WORK REQUIRED: Using the data that follows, output only the lines from the line with "Каретка для тали" up to and including the line with "Foraineam Floral Tea", exactly, leaving pictures aside.

SUPPLIED MATERIAL:
══════

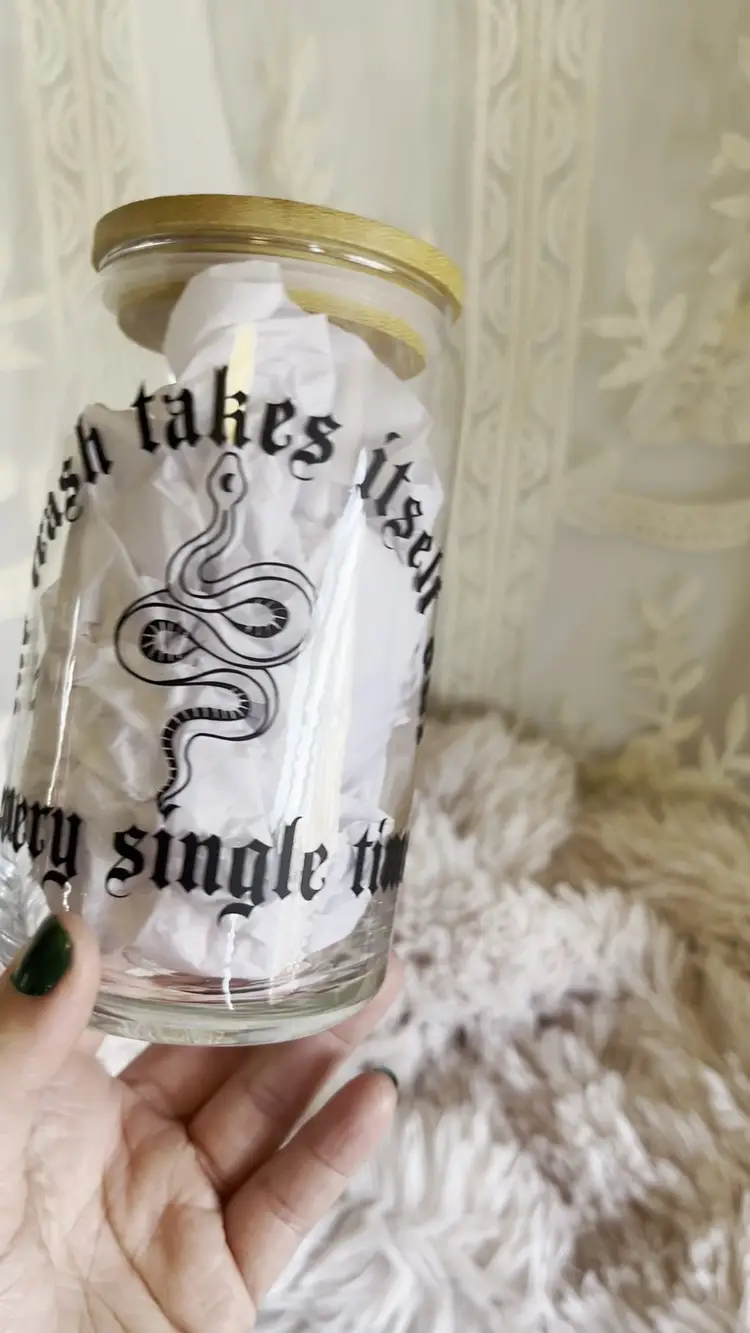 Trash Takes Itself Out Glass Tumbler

══════

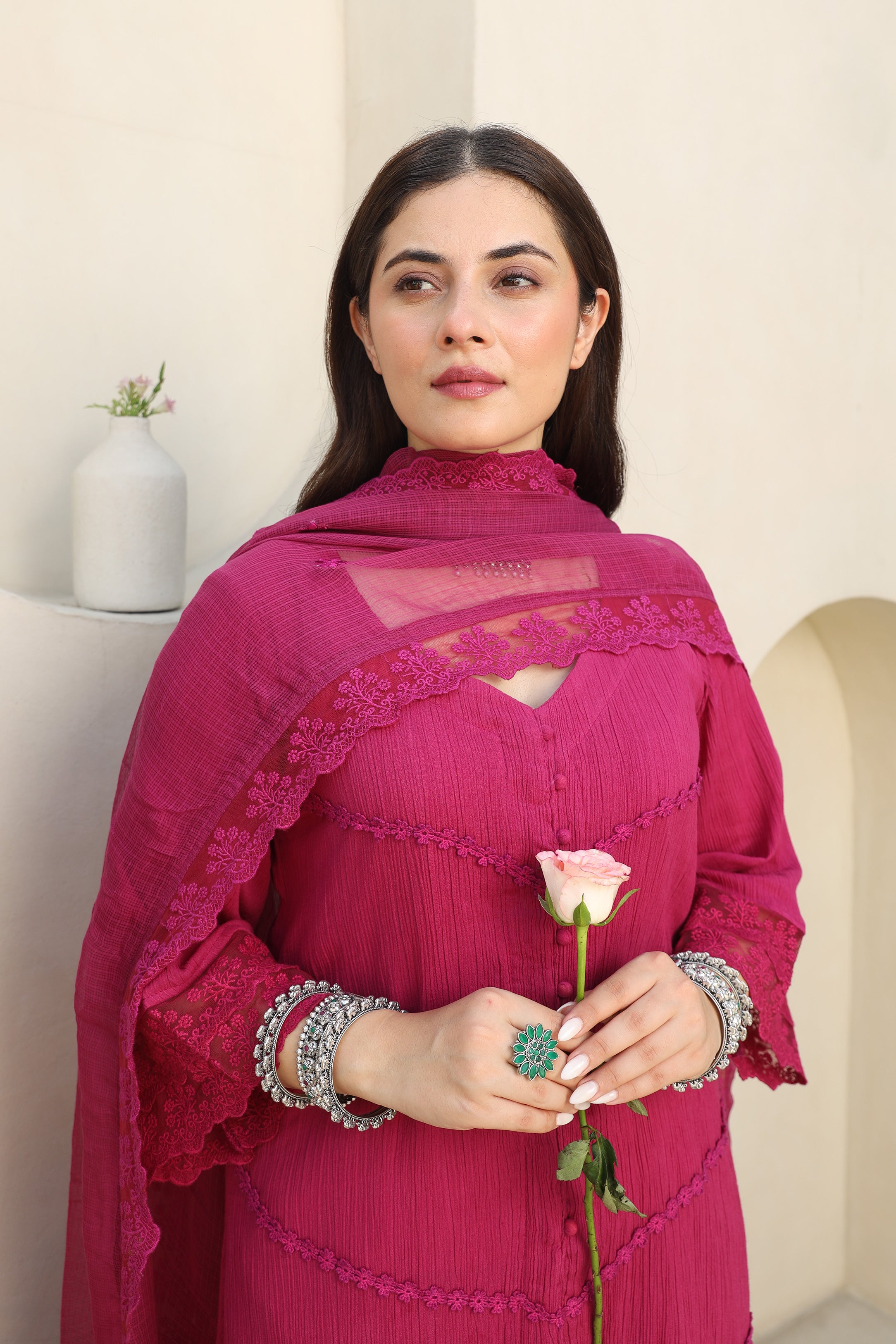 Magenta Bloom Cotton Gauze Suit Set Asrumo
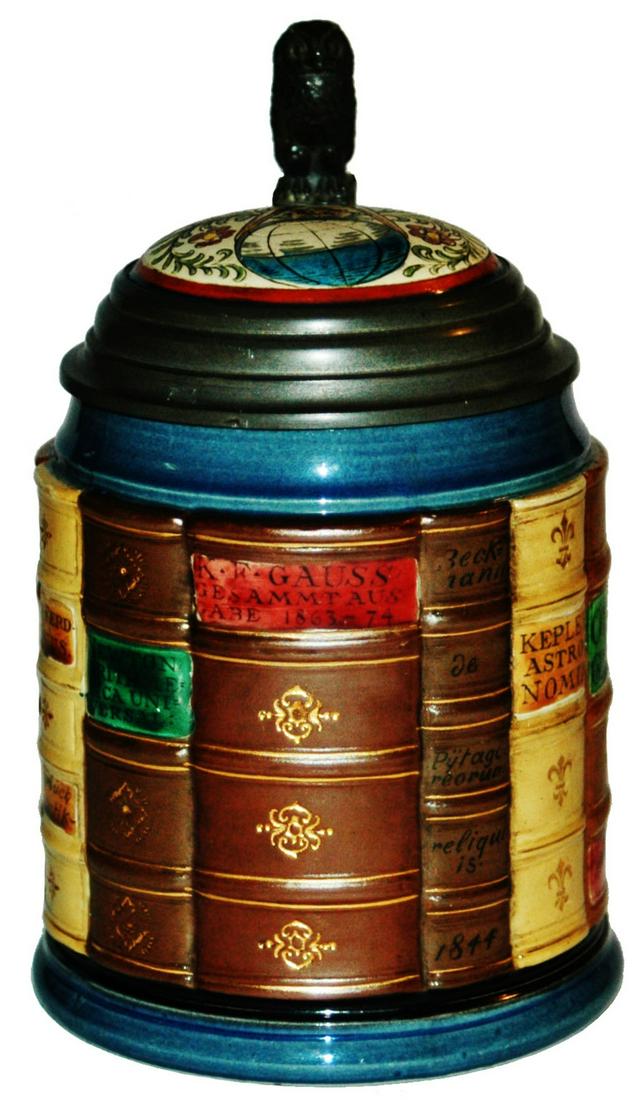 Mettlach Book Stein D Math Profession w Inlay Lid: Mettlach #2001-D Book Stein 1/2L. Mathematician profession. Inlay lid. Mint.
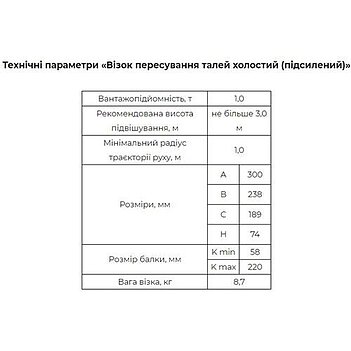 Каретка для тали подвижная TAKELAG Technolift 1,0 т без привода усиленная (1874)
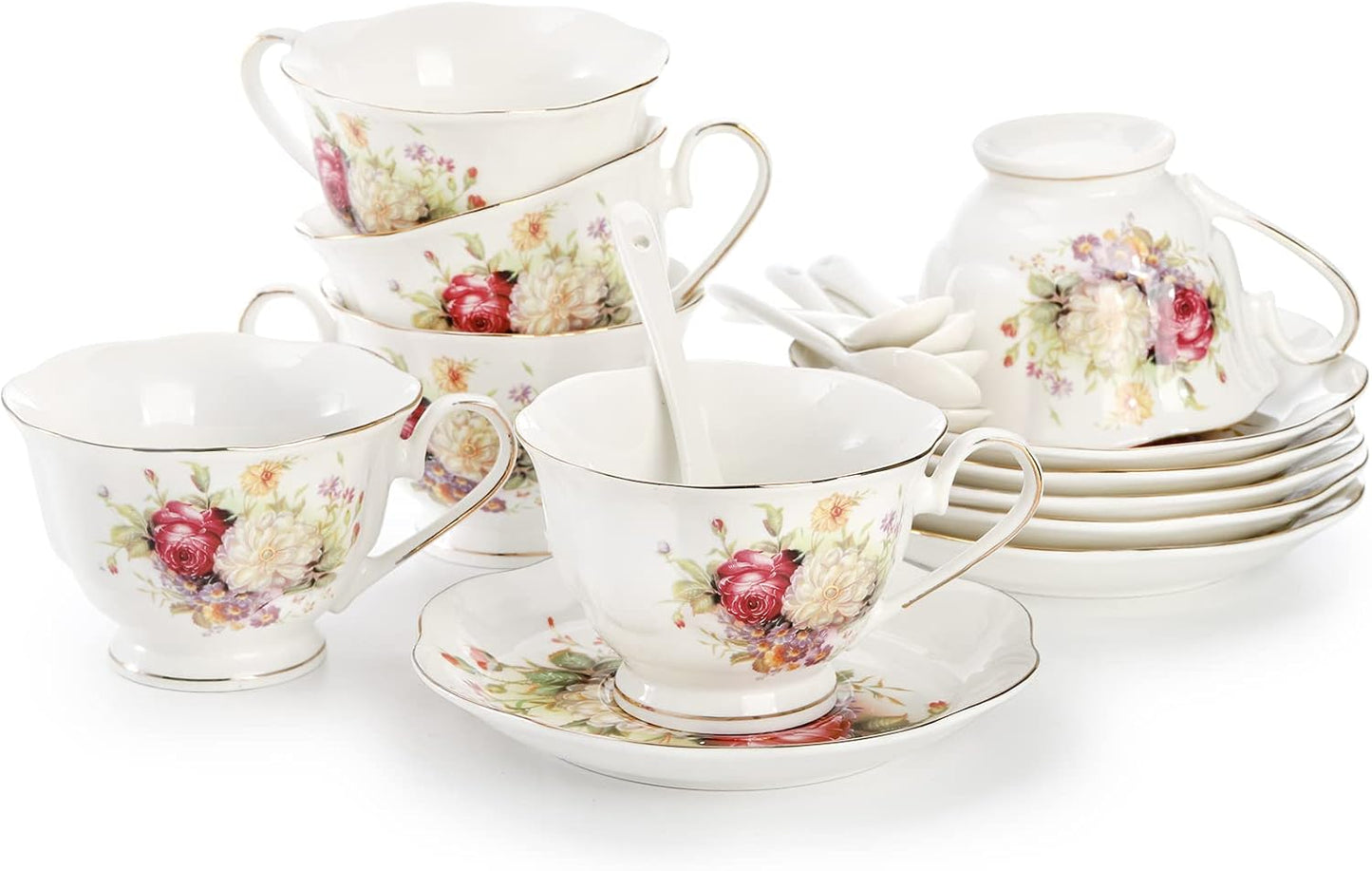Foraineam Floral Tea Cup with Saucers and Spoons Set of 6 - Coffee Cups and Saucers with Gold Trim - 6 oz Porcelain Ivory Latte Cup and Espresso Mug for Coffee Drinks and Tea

══════

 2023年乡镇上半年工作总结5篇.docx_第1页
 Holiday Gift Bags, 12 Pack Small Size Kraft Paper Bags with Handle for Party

══════

TASK RESPONSE:
 Каретка для тали подвижная TAKELAG Technolift 1,0 т без привода усиленная (1874)
Foraineam Floral Tea Cup with Saucers and Spoons Set of 6 - Coffee Cups and Saucers with Gold Trim - 6 oz Porcelain Ivory Latte Cup and Espresso Mug for Coffee Drinks and Tea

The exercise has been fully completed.